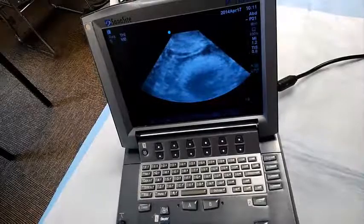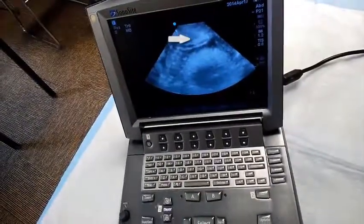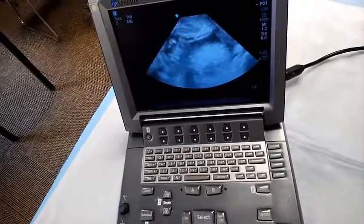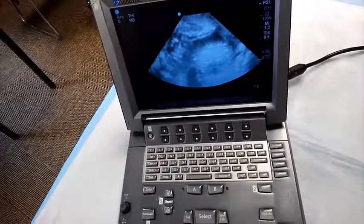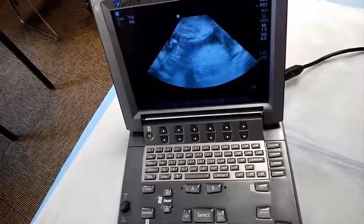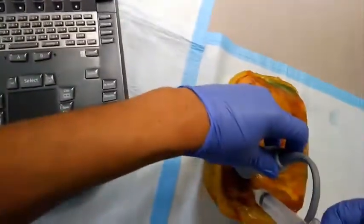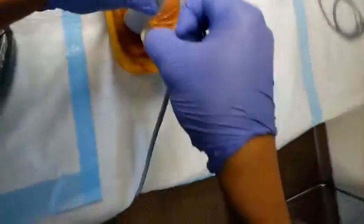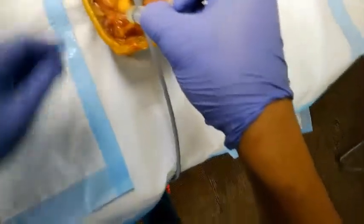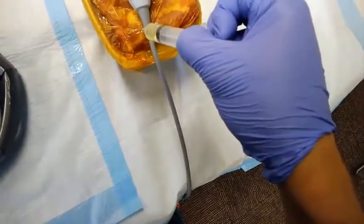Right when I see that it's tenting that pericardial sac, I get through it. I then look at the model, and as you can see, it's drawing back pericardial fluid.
======
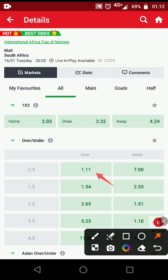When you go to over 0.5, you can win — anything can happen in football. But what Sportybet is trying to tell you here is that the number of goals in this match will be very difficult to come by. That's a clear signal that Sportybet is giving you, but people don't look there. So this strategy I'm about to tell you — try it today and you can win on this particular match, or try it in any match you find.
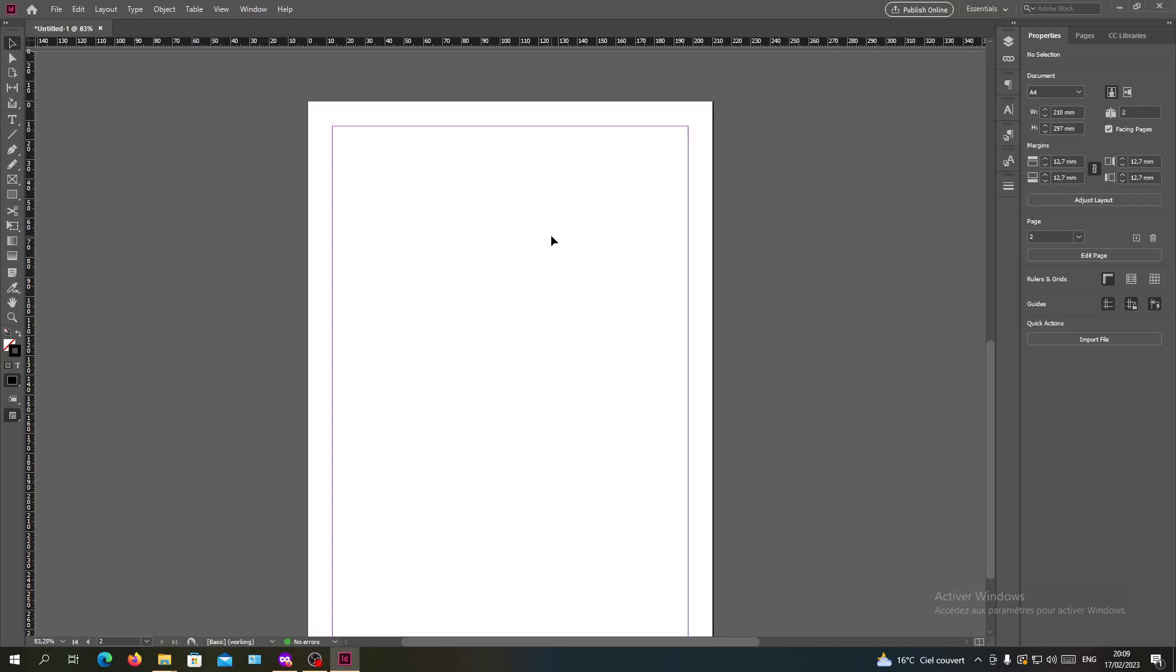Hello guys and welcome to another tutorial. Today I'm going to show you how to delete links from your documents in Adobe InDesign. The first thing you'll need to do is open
======
Nothing but the lines from the one with "When you go" up to and including the one with "Hello guys and" should be printed, exactly as they read above. Please keep the pictures out.

When you go to over 0.5, you can win — anything can happen in football. But what Sportybet is trying to tell you here is that the number of goals in this match will be very difficult to come by. That's a clear signal that Sportybet is giving you, but people don't look there. So this strategy I'm about to tell you — try it today and you can win on this particular match, or try it in any match you find.
Hello guys and welcome to another tutorial. Today I'm going to show you how to delete links from your documents in Adobe InDesign. The first thing you'll need to do is open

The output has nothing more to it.